What to do →
The records below are to be returned exactly as written, minus their pictures.

#####

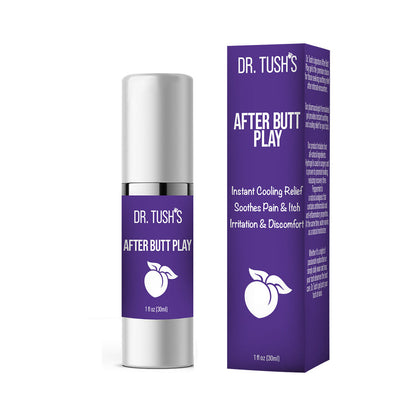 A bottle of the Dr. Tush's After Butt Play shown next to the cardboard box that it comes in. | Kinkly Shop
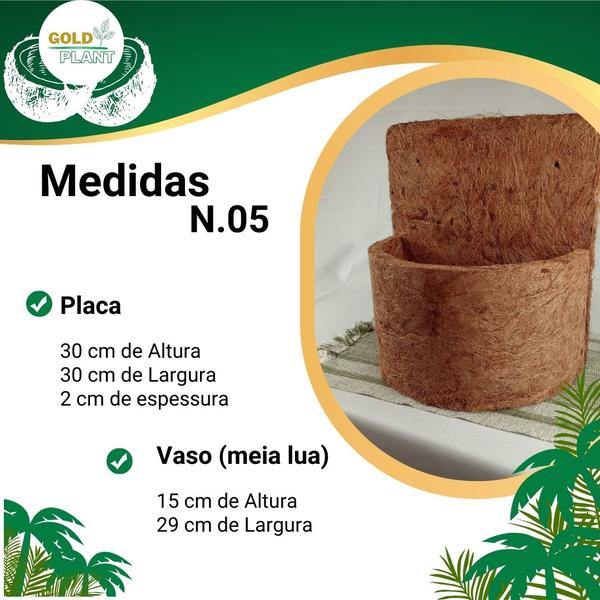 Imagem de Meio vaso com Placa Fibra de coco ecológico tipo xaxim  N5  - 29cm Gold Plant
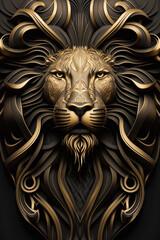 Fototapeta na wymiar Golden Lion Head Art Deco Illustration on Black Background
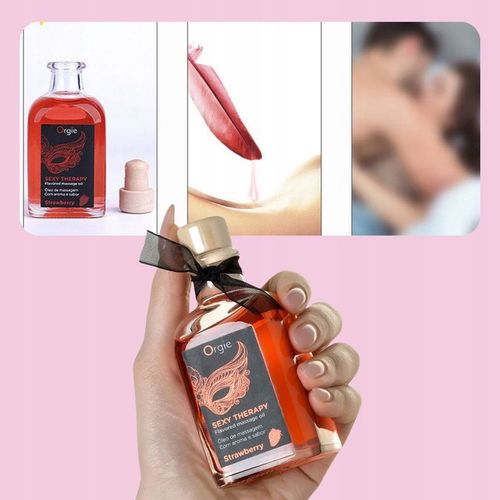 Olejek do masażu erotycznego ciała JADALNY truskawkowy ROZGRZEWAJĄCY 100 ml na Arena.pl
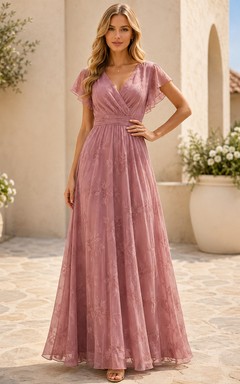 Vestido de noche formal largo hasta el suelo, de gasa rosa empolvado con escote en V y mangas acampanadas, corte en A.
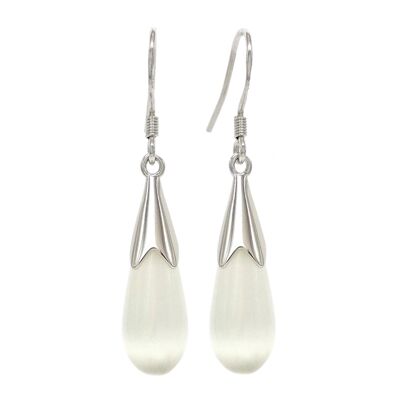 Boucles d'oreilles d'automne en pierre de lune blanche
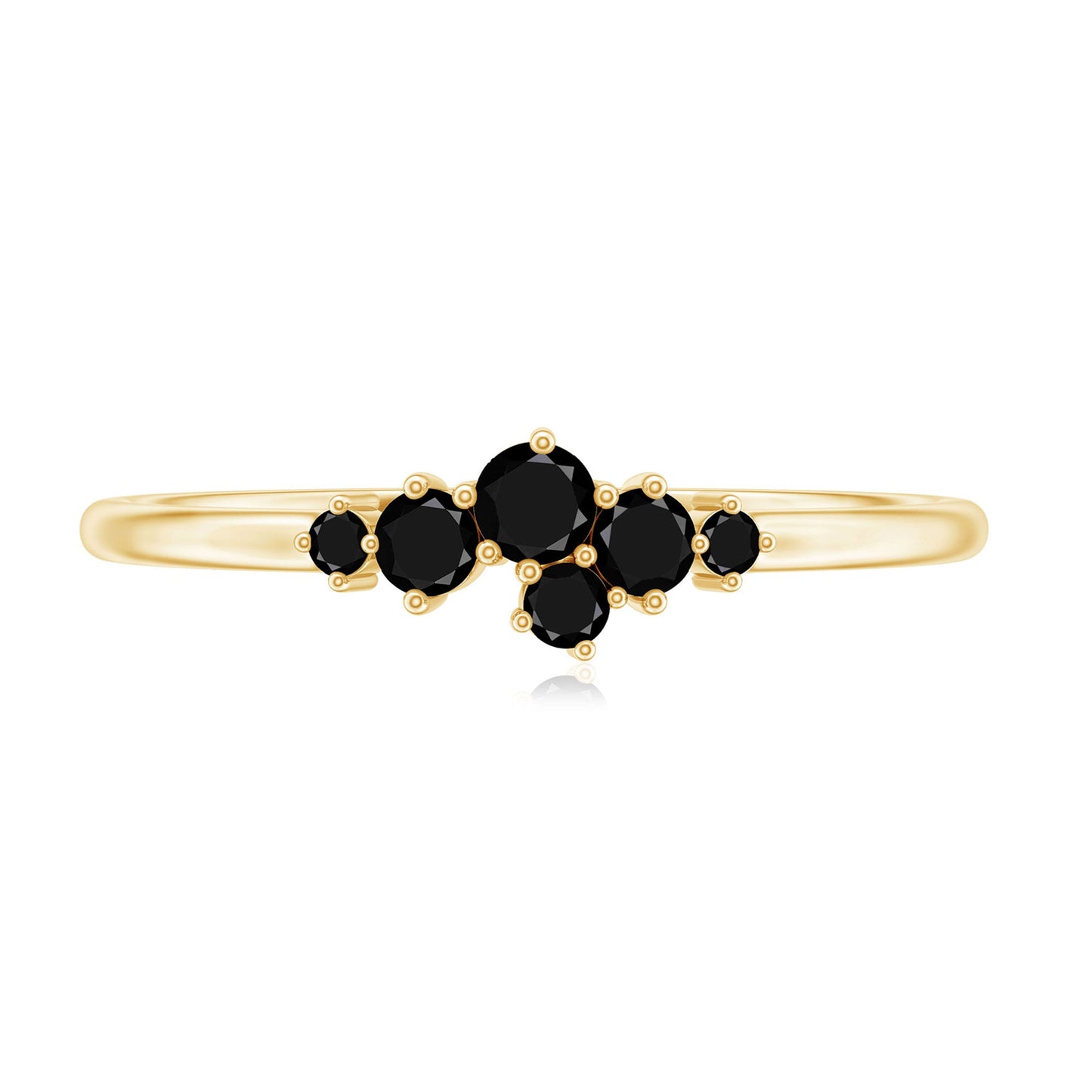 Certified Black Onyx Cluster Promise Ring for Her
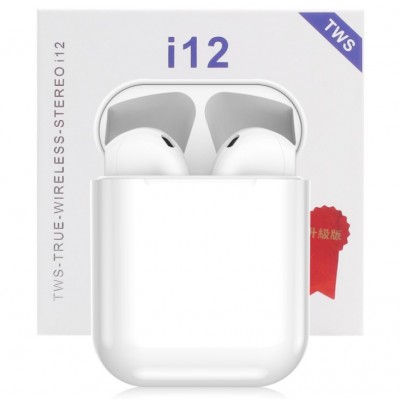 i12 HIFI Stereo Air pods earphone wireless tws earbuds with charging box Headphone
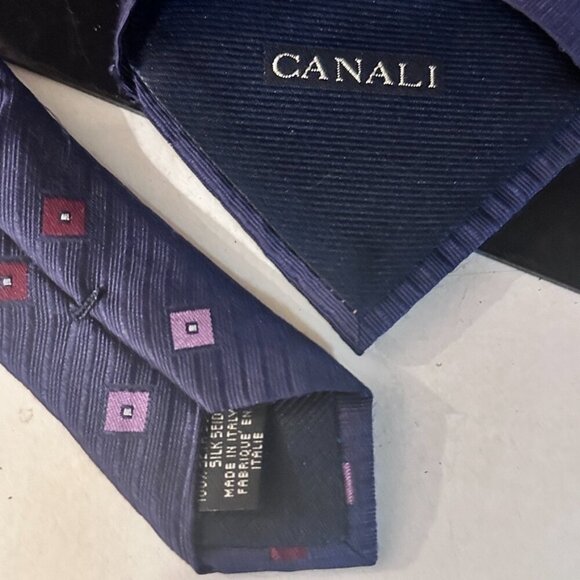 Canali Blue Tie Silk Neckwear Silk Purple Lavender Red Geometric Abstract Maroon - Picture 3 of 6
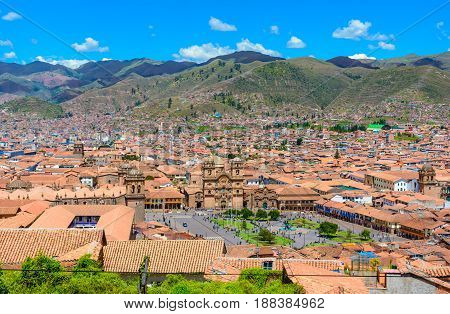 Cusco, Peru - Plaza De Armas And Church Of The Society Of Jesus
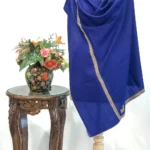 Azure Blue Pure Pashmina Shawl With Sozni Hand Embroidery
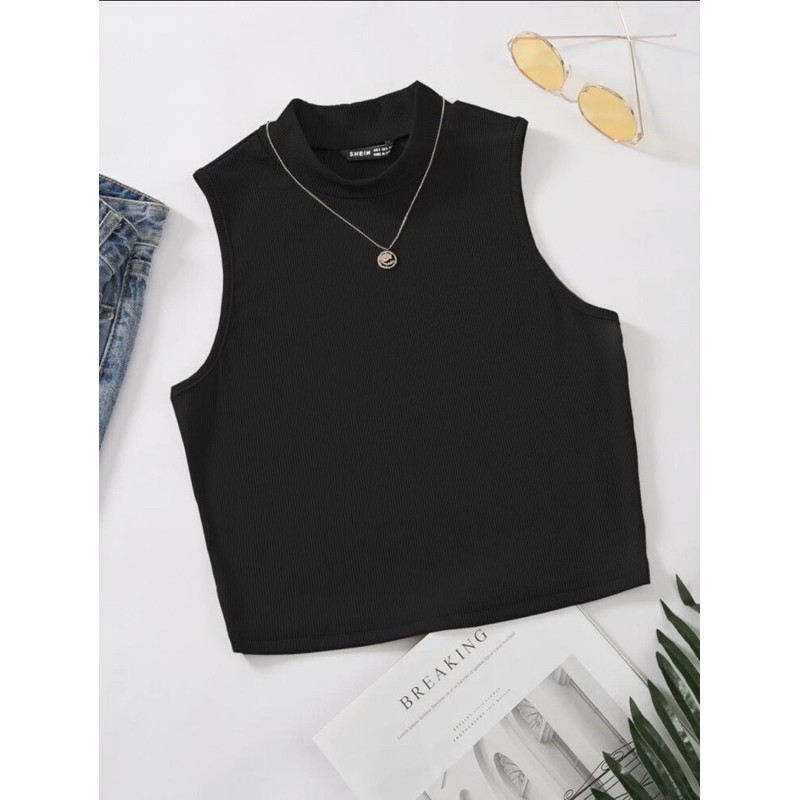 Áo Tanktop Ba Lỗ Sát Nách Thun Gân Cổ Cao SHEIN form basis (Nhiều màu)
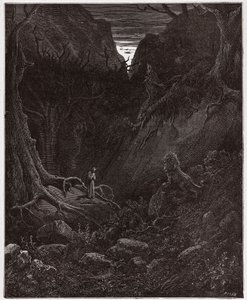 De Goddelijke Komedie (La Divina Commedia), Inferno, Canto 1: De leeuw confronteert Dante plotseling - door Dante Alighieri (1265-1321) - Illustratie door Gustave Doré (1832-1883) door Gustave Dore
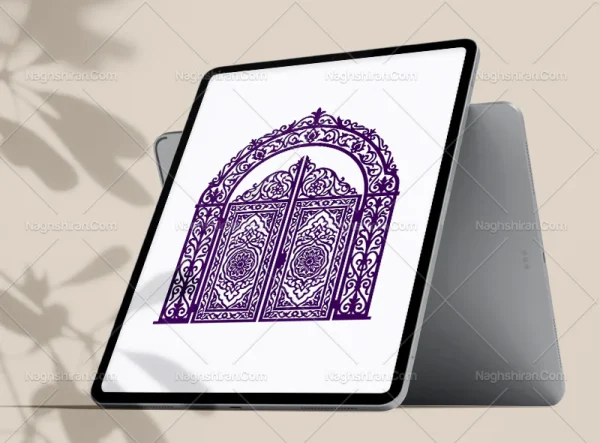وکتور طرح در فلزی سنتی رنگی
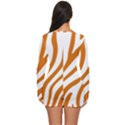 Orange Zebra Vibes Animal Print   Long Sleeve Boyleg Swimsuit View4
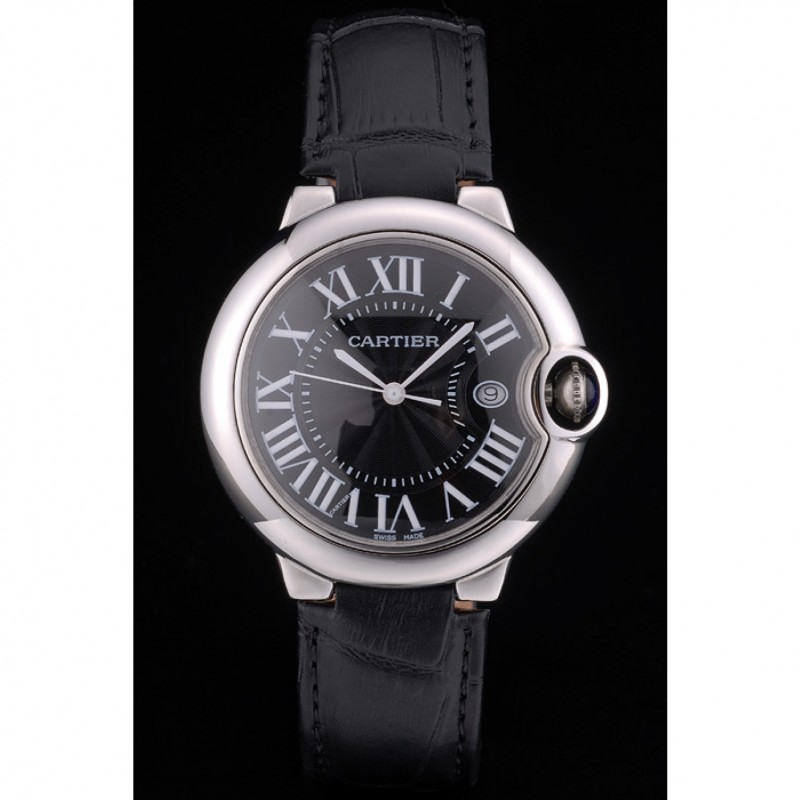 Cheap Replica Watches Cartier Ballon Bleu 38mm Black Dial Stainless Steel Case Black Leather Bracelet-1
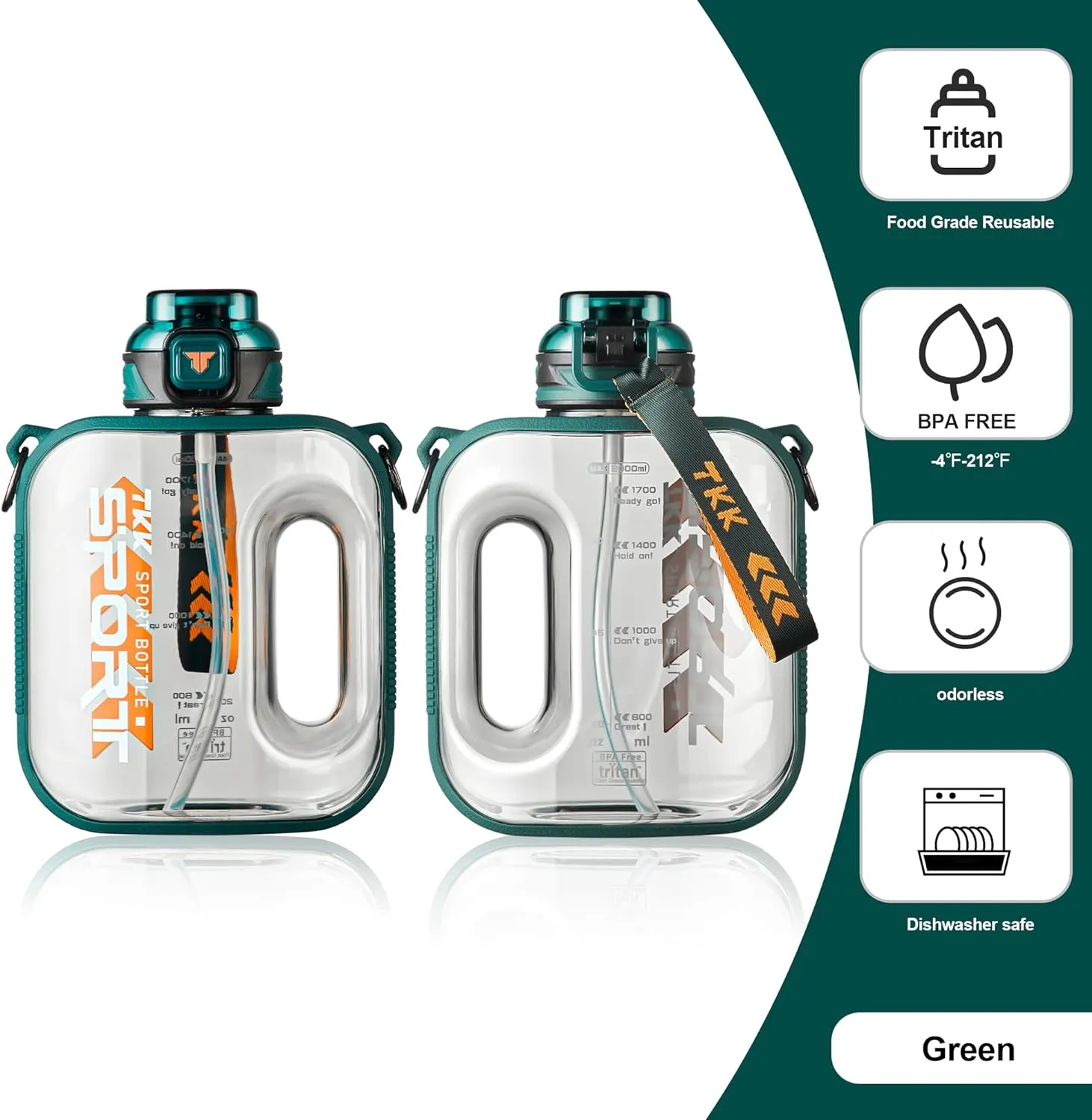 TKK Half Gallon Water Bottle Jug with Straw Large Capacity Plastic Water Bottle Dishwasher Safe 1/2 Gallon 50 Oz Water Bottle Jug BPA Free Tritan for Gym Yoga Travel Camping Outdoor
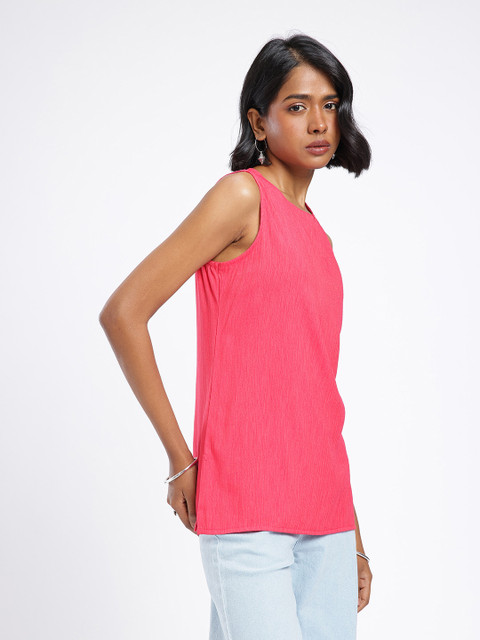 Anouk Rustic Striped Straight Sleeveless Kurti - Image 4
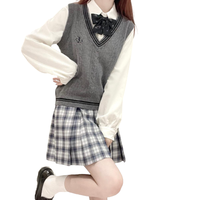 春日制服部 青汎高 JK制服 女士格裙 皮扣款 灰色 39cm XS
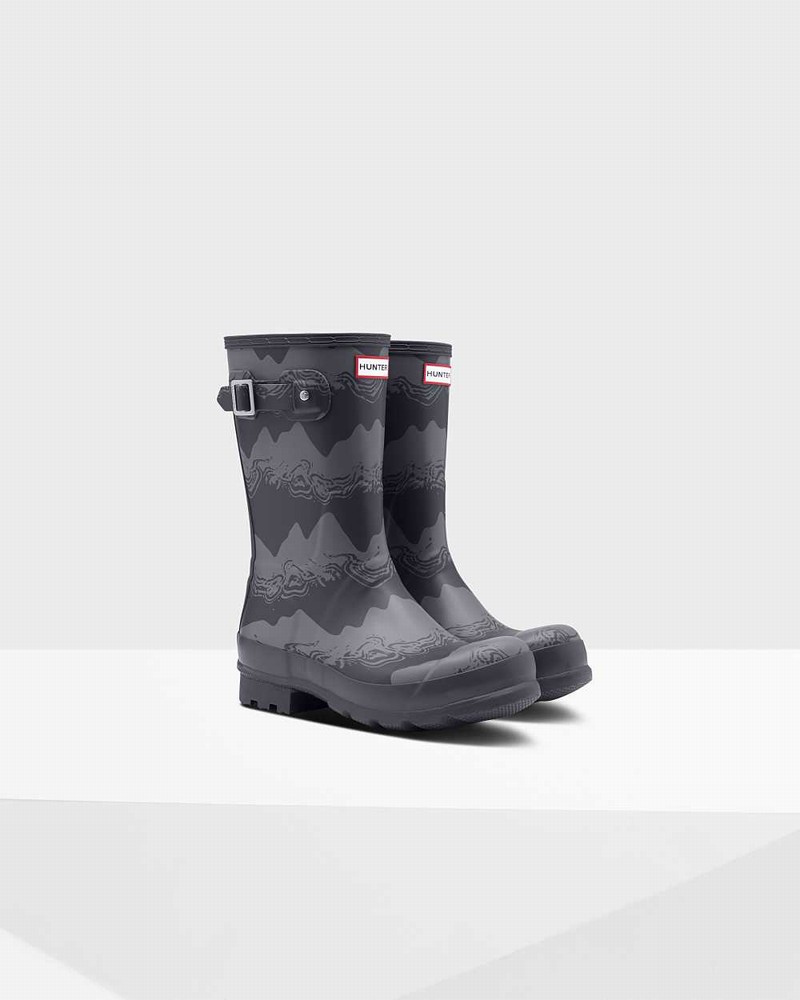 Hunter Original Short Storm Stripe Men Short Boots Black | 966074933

#####

Answer to the problem →
 A bottle of the Dr. Tush's After Butt Play shown next to the cardboard box that it comes in. | Kinkly Shop
 Imagem de Meio vaso com Placa Fibra de coco ecológico tipo xaxim  N5  - 29cm Gold Plant
 Fototapeta na wymiar Golden Lion Head Art Deco Illustration on Black Background
 Olejek do masażu erotycznego ciała JADALNY truskawkowy ROZGRZEWAJĄCY 100 ml na Arena.pl
 Vestido de noche formal largo hasta el suelo, de gasa rosa empolvado con escote en V y mangas acampanadas, corte en A.
 Boucles d'oreilles d'automne en pierre de lune blanche
 Certified Black Onyx Cluster Promise Ring for Her
 i12 HIFI Stereo Air pods earphone wireless tws earbuds with charging box Headphone
 Canali Blue Tie Silk Neckwear Silk Purple Lavender Red Geometric Abstract Maroon - Picture 3 of 6
 Cusco, Peru - Plaza De Armas And Church Of The Society Of Jesus
 Azure Blue Pure Pashmina Shawl With Sozni Hand Embroidery
 Áo Tanktop Ba Lỗ Sát Nách Thun Gân Cổ Cao SHEIN form basis (Nhiều màu)
 De Goddelijke Komedie (La Divina Commedia), Inferno, Canto 1: De leeuw confronteert Dante plotseling - door Dante Alighieri (1265-1321) - Illustratie door Gustave Doré (1832-1883) door Gustave Dore
وکتور طرح در فلزی سنتی رنگی
 Orange Zebra Vibes Animal Print   Long Sleeve Boyleg Swimsuit View4
 Cheap Replica Watches Cartier Ballon Bleu 38mm Black Dial Stainless Steel Case Black Leather Bracelet-1
 TKK Half Gallon Water Bottle Jug with Straw Large Capacity Plastic Water Bottle Dishwasher Safe 1/2 Gallon 50 Oz Water Bottle Jug BPA Free Tritan for Gym Yoga Travel Camping Outdoor
 Anouk Rustic Striped Straight Sleeveless Kurti - Image 4
 春日制服部 青汎高 JK制服 女士格裙 皮扣款 灰色 39cm XS
 Hunter Original Short Storm Stripe Men Short Boots Black | 966074933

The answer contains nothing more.